Lima, 15 de octubre de 2013.

sábado, 12 de octubre de 2013

Álvaro Mutis, el gaviero

En un mundo en que declararse demócrata es lo políticamente correcto, él prefería decir que era monárquico; en una época en que la pleitesía y el fetichismo del fútbol ha calado en todos los sectores sociales, él despotricaba de ese deporte inglés que ha devenido en un mero negocio. Porque así era Álvaro Mutis, ese excéntrico y anacrónico escritor colombiano, cuya muerte el pasado 22 de septiembre ha enlutado una vez más las letras y la cultura de Latinoamérica.
     Gran amigo de Gabriel García Márquez, a quién habría entregado, según cuenta la leyenda, Pedro Páramo, el emblemático libro de Rulfo, en una actitud de franco desafío, siendo probablemente el culpable, o uno de los culpables, del prodigio narrativo que permitió al hijo de Aracataca, aguijoneado por esa alevosa provocación, acometer la descomunal empresa de escribir Cien años de soledad, la novela de las novelas del siglo XX hispanoamericano.
     Poeta y novelista por igual, integraba, junto con el mismo García Márquez, Fernando Botero, Fernando Vallejo, William Ospina, Sergio Jaramillo y Héctor Abad Faciolince, la plana mayor de los embajadores ante el mundo del arte y la cultura del eufónico país de los cafetales y los vallenatos.

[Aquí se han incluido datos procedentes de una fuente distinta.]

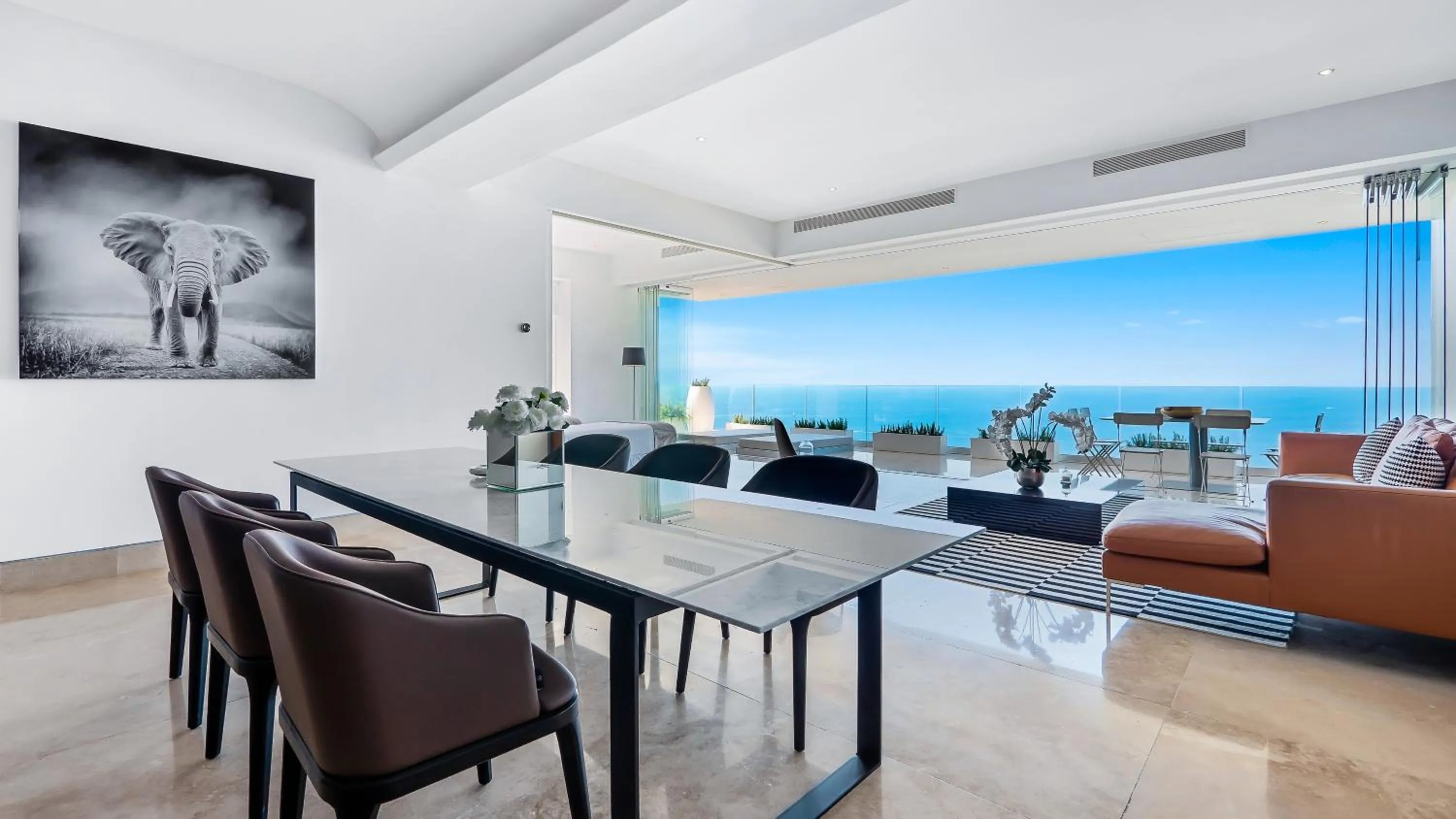 Seating area in Avalon - 801 Top Sky Bar Pool 3 BR in Amapas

     Lector incansable y hedónico, degustador exquisito de la obra de Cervantes, a quien lee y admira por sobre todos los escritores que son y han sido. Ponía como único requisito para emprender la lectura de un libro, que éste no bajara de las 1200 páginas; ello explica sus recurrentes lecturas de En busca del tiempo perdido,  la interminable novela de Proust, que lo realizaba de un tirón, como quien vuelve a un espacio entrañable y extenso, lleno de gratificaciones y bienaventuranzas.
     No he tenido la oportunidad de conocer la obra de Mutis, lo cual me pesa; es una deuda que la tendré pendiente, para, a la primera ocasión, solazarme recorriendo sus páginas, que, estoy seguro, le depararán a mi espíritu nuevas riquezas y desconocidos tesoros. Mientras tanto, me conformo recordando las innumerables anécdotas de las que estuvo ahíta su vida, una trayectoria fecunda y vasta que ha atravesado casi todo un siglo y más.

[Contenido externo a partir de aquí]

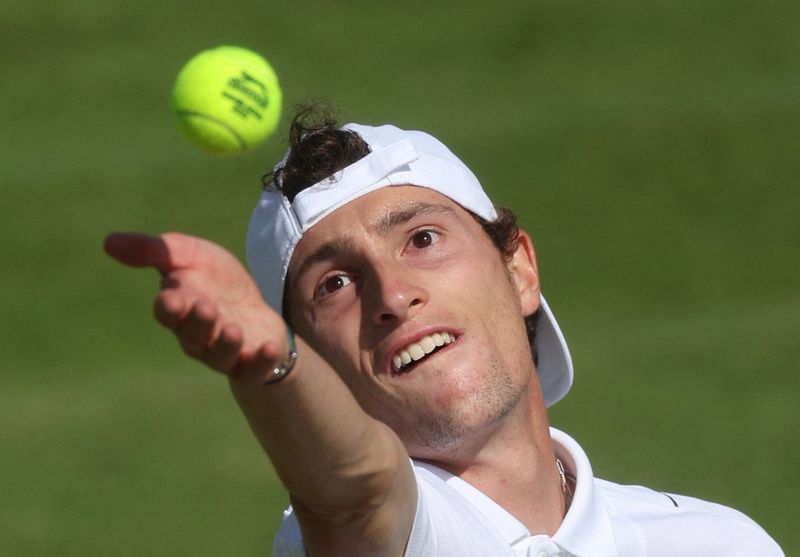 © Reuters. Ugo Humbert, ici lors du tournoi de Wimbledon en juillet dernier.  /Photo prise le 1 juillet 2022/REUTERS/Paul Childs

     Recuerdo por ejemplo la vez aquella en que acudió a recibir el Premio Cervantes, era el año 2001, circunstancia en que Mutis leyó un breve pero hermoso discurso donde incluyó un bellísimo soneto de Borges titulado “Un soldado de Urbina”, el mejor retrato poético que se haya hecho del genial Manco de Lepanto. 
     Vivía en México desde hacía un número abundante de años, país al que llegó casi huyendo de la persecución judicial de una compañía a quien tuvo la feliz ocurrencia de sacarle la vuelta a favor de los superiores intereses del espíritu y la humanidad. Allí se hizo amigo de toda esa pléyade de grandes creadores que ha dado el siglo XX mexicano a la cultura universal, como Octavio Paz, Carlos Fuentes, Elena Poniatowska, José Emilio Pacheco y tantos otros, que compartieron con el colombiano los afanes y las búsquedas estéticas de una generación brillante y, sin duda, ya histórica.

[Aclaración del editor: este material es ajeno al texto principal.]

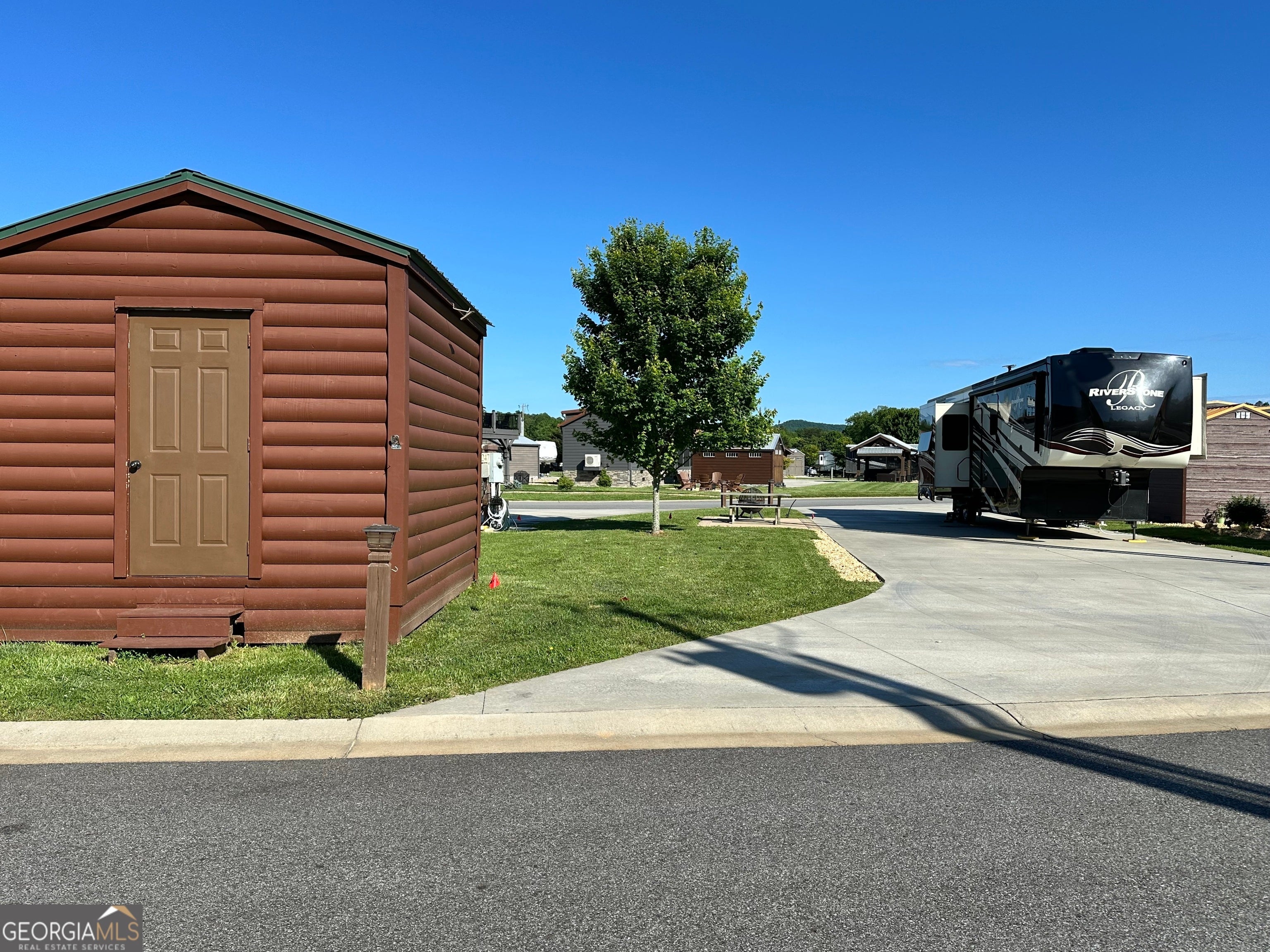 Photo of Listing #10529441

     A su partida nos deja una obra diversa y valiosa, donde destaca un personaje que ya ha adquirido carta de ciudadanía en el orbe fabuloso de las ficciones y la narrativa de nuestra lengua. Maqroll, el gaviero, seguirá saciando con sus historias, esa sed de aventuras que poseemos todos quienes, no contentándonos con esta prosaica realidad, alimentamos nuestra fantasía con la presencia impagable de estos hijos entrañables de la imaginación y la palabra.
     Que Maqroll siga oteando el mundo y sus vicisitudes desde su gavia predilecta, pues Álvaro ha decidido emprender otros rumbos y hacer mutis.


Lima, 11 de octubre de 2013.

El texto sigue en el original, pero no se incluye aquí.